Ma una mattina imboccò il sentiero e tornò indietro fino al cartello ROUTE 663 – KM.73. Sull’asfalto tracce di bruciato, fece l’autostop, ma non tornò all’albergo, si diresse subito all’aeroporto ed acquistò un biglietto per tornare in Europa.
Il
giorno successivo era all’aeroporto della sua città, si recò al parcheggio,
ma l’auto che aveva lasciato, non c’era più: quanti giorni erano passati da
quando l’aveva parcheggiata lì?
Fermò
un taxi e si fece portare vicino a casa sua, meno male che aveva conservato il
portafogli con le carte di credito.

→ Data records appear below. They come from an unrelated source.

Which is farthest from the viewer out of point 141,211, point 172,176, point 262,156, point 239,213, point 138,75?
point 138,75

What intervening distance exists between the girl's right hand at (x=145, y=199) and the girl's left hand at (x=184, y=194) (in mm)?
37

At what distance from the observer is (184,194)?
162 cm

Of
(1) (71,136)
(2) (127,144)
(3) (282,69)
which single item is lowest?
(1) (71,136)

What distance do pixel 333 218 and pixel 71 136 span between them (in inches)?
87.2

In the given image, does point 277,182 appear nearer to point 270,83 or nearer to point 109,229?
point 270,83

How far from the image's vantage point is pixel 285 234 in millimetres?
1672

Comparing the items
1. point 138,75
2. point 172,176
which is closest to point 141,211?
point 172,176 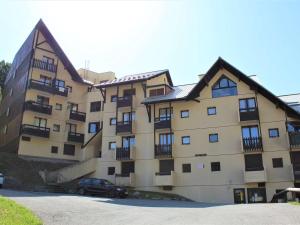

Scese all’imbocco della strada ove si
trovava la sua abitazione: aveva una strano presentimento, voleva osservare
tutto attentamente prima di decidersi di rientrare in casa. Fermo all’angolo
vide in fondo al viale la sua auto parcheggiata, proprio di fronte alla casa,
ove lui la lasciava sempre. Poi….ma si disse “non è possibile”, vide
uscire sua figlia dalla casa ed anche sua moglie…..e si infilarono in
macchina. Gisberto quasi svenne e s’afferrò ad un cancello per non cadere, ed
esterrefatto scorse la sua auto partire e venire verso di lui.
L’auto
passò silenziosa rasente il marciapiede vicino a lui che se ne stava aggrappato
al cancello e lo stringeva così con forza che le sue unghie erano penetrate
nella carne e stava sanguinando. Occhi stralunati, vestiti spiegazzati, barba
lunga, osservava atterrito l’auto che ora quasi lo sforava e vide…al
volante….al volante….lui era al volante, accanto a sua moglie, dietro la
figlia che si girò verso il lunotto e gli strizzò un occhio sorridendo.
Gisberto
per poco non svenne ed a lungo rimase aggrappato al cancello. Ed una voce entro
di lui gli diceva che qui era ormai totalmente fuori posto e gli sussurrava di
tornare…di tornare….
A
piedi, lentamente s’avvio verso l’aeroporto……
Il
volo di ritorno fu senza storia, lui era svuotato, non riusciva più a pensare
mentre gli altri passeggeri lo guardavano strano e lanciavano occhiate
preoccupate nei suoi confronti.
Si
ritrovò nella città esotica ed imboccò la route statale 663 pian piano giunse
al KM.73 e con le ultime forze, erano giorno che non mangiava, che non bevevo e
che camminava…dopo molto tempo giunse il vista del villaggio ed ancora una
volta svenne. Si ritrovò nella solita capanna di pietra rotonda con lei che
amorevolmente l’accudiva. Quando si fu ripreso arrotolò i suoi vestiti
occidentali con dentro portafogli, orologio, spiccioli, chiavi, ecc. e gettò
tutto nel fuoco sacro che sempre ardeva ai margini del villaggio accudito sempre
da due giovani.
La
lamia lo sentì passare ed avvertì una nuova frattura, o forse questa volta fu
lei stessa a procurarla, lui si dirigeva zoppicante verso il villaggio, ma cadde
sul sentiero accanto alla torre. Era svenuto, immobile, la lamia allora scese le
scale e si diresse in direzione dei prati, erano secoli che non imboccava questa
direzione e giunse di fronte a lui, lo scosse, lo fece rinvenire ed
abbracciandolo lo condusse all’interno sull’enorme divano.
Il
suo seme e la sua mente si svuotarono mentre con lei giaceva ed una sensazione
piacevole di déjà vu lo avvolgeva. Quando la lamia terminò il multiplo
amplesso con lui, contrariamente alle sue abitudini, lo accompagnò al sentiero
e lo avviò in direzione del villaggio. Lei sapeva che l’avrebbero accolto e
curato e che una giovane mora di capelli e con gli occhi d’oro l’avrebbe
amato. Le tre fratture si sarebbero ricomposte: poi la lamia dimenticò,
com’era sua natura e si soffermò davanti alla porta dell’aula del tappeto,
una giovane si dibatteva intrappolata su di lui.